Owies involved a dispute between the children of a family largely relating to the control of the Owies Family Trust (Trust), a discretionary trust established by their parents in 1970, which held assets in excess of $23 million.
Prior deeds of variation were executed in 2002, 2010 and 2017, which sought to amend the deed of the Trust (Deed) to change the persons identified as the “Guardian” and “Appointor” listed in the schedule to the Deed. The Deed initially provided that the father of the family (John) held these roles, with the mother (Eva) then succeeding to the roles after John’s death.
If the variations to the Deed were effective, then one of the children involved in the dispute (Michael) would be the Guardian and Appointor. As Eva died in 2018 and John died in 2020, if the variations were not effective, then John would have held the Guardian and Appointor positions until his death; upon which these positions would not be held by anyone.
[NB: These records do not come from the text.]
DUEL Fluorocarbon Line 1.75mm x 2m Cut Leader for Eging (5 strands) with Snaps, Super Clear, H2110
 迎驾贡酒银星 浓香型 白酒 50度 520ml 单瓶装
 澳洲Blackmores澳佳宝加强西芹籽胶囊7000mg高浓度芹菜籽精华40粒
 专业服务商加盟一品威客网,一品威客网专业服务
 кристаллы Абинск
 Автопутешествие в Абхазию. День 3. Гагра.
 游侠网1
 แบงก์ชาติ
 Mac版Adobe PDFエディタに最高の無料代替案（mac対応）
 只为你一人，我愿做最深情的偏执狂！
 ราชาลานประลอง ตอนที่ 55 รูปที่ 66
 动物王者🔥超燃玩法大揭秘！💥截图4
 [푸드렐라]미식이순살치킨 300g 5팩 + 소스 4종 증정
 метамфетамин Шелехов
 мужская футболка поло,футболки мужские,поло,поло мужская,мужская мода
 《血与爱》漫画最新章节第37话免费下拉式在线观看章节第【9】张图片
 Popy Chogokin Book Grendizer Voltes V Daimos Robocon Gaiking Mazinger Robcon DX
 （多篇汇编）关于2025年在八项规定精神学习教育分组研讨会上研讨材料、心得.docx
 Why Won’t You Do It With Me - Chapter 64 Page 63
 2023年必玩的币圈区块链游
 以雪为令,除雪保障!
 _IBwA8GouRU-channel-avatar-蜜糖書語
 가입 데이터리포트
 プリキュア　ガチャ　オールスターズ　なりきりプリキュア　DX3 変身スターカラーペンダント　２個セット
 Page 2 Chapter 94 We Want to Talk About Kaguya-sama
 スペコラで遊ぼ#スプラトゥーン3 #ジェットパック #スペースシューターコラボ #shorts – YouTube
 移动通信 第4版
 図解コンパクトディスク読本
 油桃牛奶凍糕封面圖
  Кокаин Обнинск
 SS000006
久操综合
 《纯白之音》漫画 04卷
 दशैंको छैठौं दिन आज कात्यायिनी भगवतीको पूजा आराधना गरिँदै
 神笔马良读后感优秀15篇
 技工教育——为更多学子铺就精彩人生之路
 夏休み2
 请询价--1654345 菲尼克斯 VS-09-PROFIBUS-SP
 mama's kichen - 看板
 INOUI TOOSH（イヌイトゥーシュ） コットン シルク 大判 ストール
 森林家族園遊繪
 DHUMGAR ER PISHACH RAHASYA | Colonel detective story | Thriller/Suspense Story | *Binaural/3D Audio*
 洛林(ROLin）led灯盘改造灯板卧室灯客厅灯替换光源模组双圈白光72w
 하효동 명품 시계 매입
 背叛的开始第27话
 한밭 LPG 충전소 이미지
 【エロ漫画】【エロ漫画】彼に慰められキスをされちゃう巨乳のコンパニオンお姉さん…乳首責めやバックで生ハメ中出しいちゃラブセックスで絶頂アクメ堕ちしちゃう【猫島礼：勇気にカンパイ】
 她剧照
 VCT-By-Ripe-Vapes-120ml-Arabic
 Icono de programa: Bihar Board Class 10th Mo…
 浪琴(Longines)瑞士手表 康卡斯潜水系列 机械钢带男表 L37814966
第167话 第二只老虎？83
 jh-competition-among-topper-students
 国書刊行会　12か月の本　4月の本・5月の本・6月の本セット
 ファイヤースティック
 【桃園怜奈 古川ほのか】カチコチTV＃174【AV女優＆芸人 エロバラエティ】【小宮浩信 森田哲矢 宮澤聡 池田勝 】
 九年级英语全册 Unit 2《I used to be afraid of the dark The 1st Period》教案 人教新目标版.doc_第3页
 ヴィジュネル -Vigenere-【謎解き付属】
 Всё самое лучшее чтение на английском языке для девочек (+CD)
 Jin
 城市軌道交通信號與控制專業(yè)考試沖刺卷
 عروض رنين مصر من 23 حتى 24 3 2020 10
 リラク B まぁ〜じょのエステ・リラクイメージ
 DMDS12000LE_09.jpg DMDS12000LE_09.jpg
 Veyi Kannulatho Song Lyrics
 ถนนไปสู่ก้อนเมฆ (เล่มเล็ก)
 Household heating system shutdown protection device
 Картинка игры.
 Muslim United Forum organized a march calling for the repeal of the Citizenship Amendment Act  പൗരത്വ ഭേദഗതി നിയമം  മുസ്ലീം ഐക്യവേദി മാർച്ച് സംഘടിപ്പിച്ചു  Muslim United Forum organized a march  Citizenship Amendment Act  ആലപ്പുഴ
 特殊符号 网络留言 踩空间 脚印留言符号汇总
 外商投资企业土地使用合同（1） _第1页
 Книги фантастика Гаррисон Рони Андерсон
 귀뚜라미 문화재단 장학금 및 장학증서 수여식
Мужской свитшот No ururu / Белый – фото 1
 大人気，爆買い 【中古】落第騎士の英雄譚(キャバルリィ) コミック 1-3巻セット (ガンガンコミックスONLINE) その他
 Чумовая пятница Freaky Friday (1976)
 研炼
Power of amendment in the Deed
The Court was required to consider if the variation power contained in the Deed permitted the purported amendments to occur. Clause 20 of the Deed provided (emphasis added):
The Trustees for the time being may at any time and from time to time by deeds with the consent of the Guardian if alive revoke add to or vary all or any of the trusts hereinbefore limited or the trusts limited by any variation or alteration or addition made thereto from time to time and may by the same or any other deed or deeds declare any new or other trusts or powers concerning the Trust Fund or any part or parts thereof the trusts whereof shall have been so revoked added to or varied but so that the law against perpetuities is not thereby infringed and so that such new or other trust powers discretions alterations or variations —
(i) may relate to the management or control of the Trust Fund or the investment thereof or to the Trustees’ powers or discretions in these presents contained;
(ii) shall not be in favour of or for the benefit of the Settlor or result in any benefit to the Settlor but shall otherwise be for the benefit of all or any one or more of the General Beneficiaries or the next of kin of any of them or the next of kin of the Primary Beneficiary or Primary Beneficiaries or any of them;
(iii) shall not affect the beneficial entitlement to any amount set aside for any Beneficiary prior to the date of the variation, alteration or addition.
Interpreting the Deed
Though not in dispute, the Court helpfully outlined the principles of construction relating to trust deeds. Some of the key principles the Court provided are as follows (citations omitted):
68. In the case of a trust, “[t]he court’s primary task in construction is to discover the intention of, relevantly, the Settlor from the words used in the instrument, read as a whole”. Unless they have a special or technical meaning, the words used in a trust deed are to be given their ordinary and natural meaning, read in the context of the trust deed as a whole.
70. In Schreuders v Grandiflora Nominees Pty Ltd, the Court of Appeal summarised the approach to the construction of trust instruments as follows:
… trust instruments are to be given their natural and ordinary meaning unless they have a special or technical meaning. The terms of an instrument must be construed in the context of the entire document and in such a way that renders them “all harmonious one with another”.
The parties’ intention must be found in the wording of the trust instrument rather than in what was on their minds when they executed the instrument. In Byrnes v Kendle, Gummow and Hayne JJ stated:
[T]he expressed intention of the parties is to be found in the answer to the question, “What is the meaning of what the parties have said?”, not to the question, “What did the parties mean to say?”
71. In Kearns v Hill, the Court of Appeal of New South Wales observed that the provisions of discretionary trusts, including powers of variation, are not to be interpreted in a “narrow or unreal way” and that the “cardinal duty” of the Court is “to construe each provision according to its natural meaning, and in such a way to give it its most ample operation”. As Buss P stated in Mercanti v Mercanti, “the nature, form and extent of the permitted variations depend, in general, upon the language and apparent purpose of the variation clause in the context of the trust deed as a whole”. An express power of variation may contain express or implied limitations in relation to its exercise.
In applying the principles of interpretation, the Court found that the reference to the term “trusts” in clause 20 of the Deed must be taken to be a reference to the primary trust created by the Deed, with the “trust” constituted by the Deed being distinct from any of the “powers or provisions” contained in the Deed. While the Deed allowed the Trustee to “declare any new or other trusts or powers”, the Court found that this power was different to a power to vary a trust and thus not sufficient to have made the variations.
The Court also considered the intention of the settlor of the Trust and found that as the Deed only identified John and Eva, successively, as the Guardian and did not contain any express powers relating to the appointment of new or successor Guardians, there was no evidence that the Settlor intended the Trust to always have a Guardian role.
Put simply, it was held that the variation power contained in the Deed did not allow for the amendment of the persons named in the schedule as the Guardian and Appointor.
The limitations in the variation power in Owies was unusual, as many trusts allow for succession to the appointor and guardian roles. The Owies discussion is therefore a good reminder for trustees and advisers to carefully consider the terms of a trust (in particular, the variation power) before attempting to vary a trust deed. If there is any doubt as to whether the terms of a trust allow for the variation, expert advice should be sought before proceeding.